WORK REQUIRED: Would you output the lines from the one containing "Room 1 m7, area" through the final line of the entries, exactly and with pictures omitted?

Start of INPUT DATA

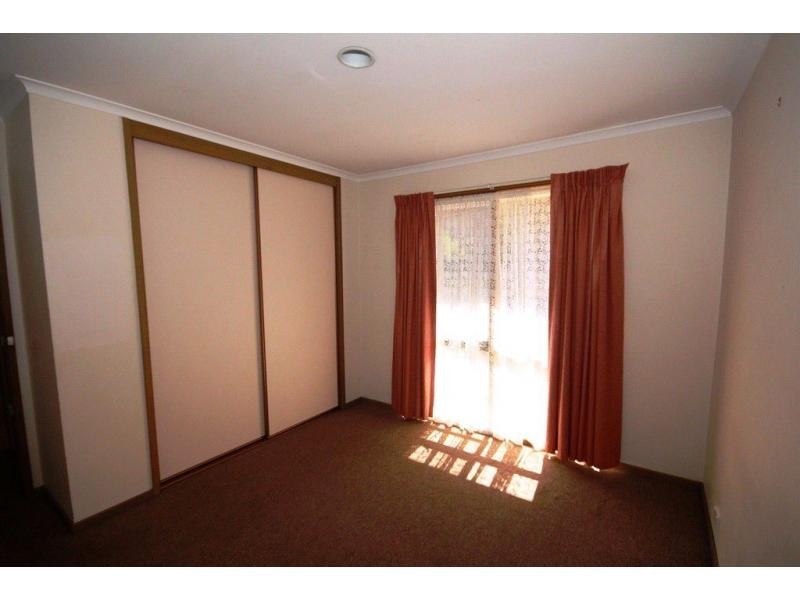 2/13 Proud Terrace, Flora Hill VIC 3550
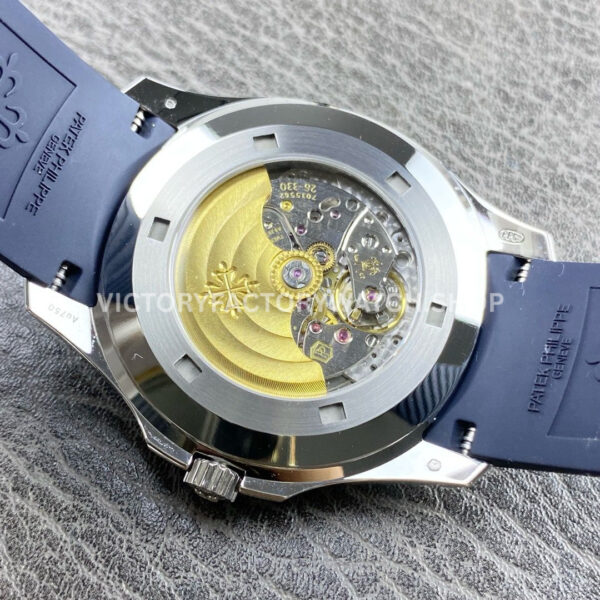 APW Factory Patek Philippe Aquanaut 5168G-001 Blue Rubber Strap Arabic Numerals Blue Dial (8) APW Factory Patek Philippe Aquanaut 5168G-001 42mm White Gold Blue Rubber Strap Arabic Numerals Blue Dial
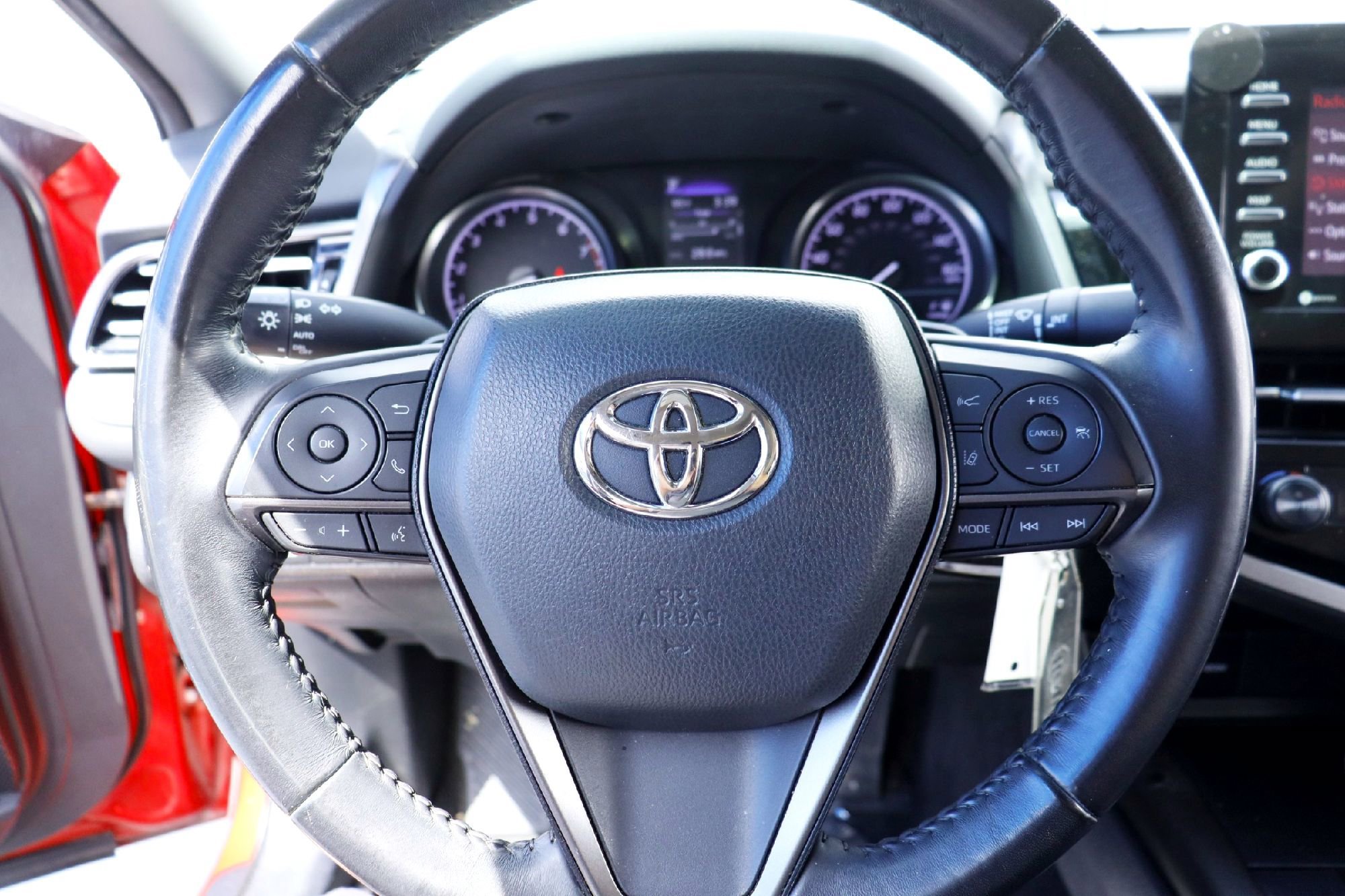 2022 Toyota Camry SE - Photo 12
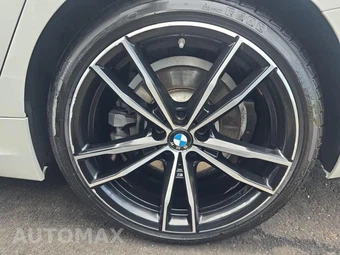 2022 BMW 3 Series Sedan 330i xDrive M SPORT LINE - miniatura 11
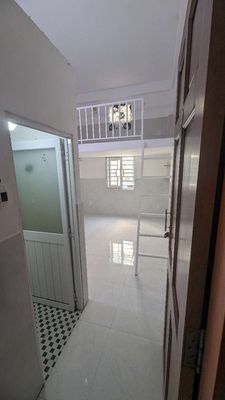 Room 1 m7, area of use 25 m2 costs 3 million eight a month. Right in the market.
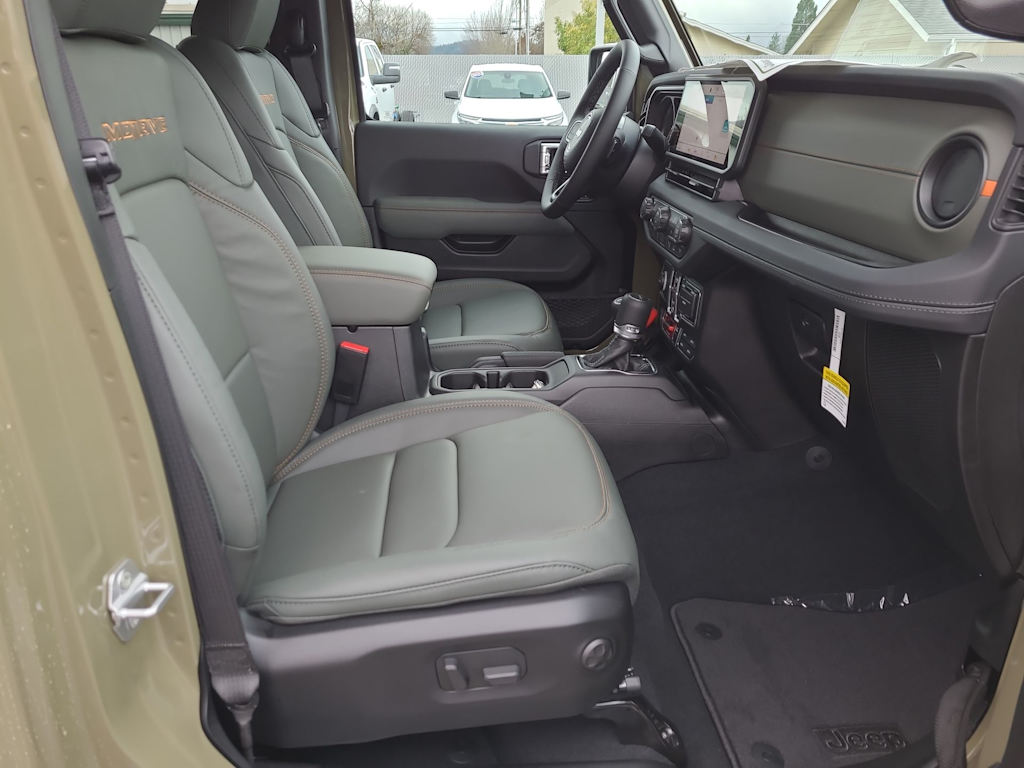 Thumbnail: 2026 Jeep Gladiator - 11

End of INPUT DATA

TASK OUTPUT:
 Room 1 m7, area of use 25 m2 costs 3 million eight a month. Right in the market.
 Thumbnail: 2026 Jeep Gladiator - 11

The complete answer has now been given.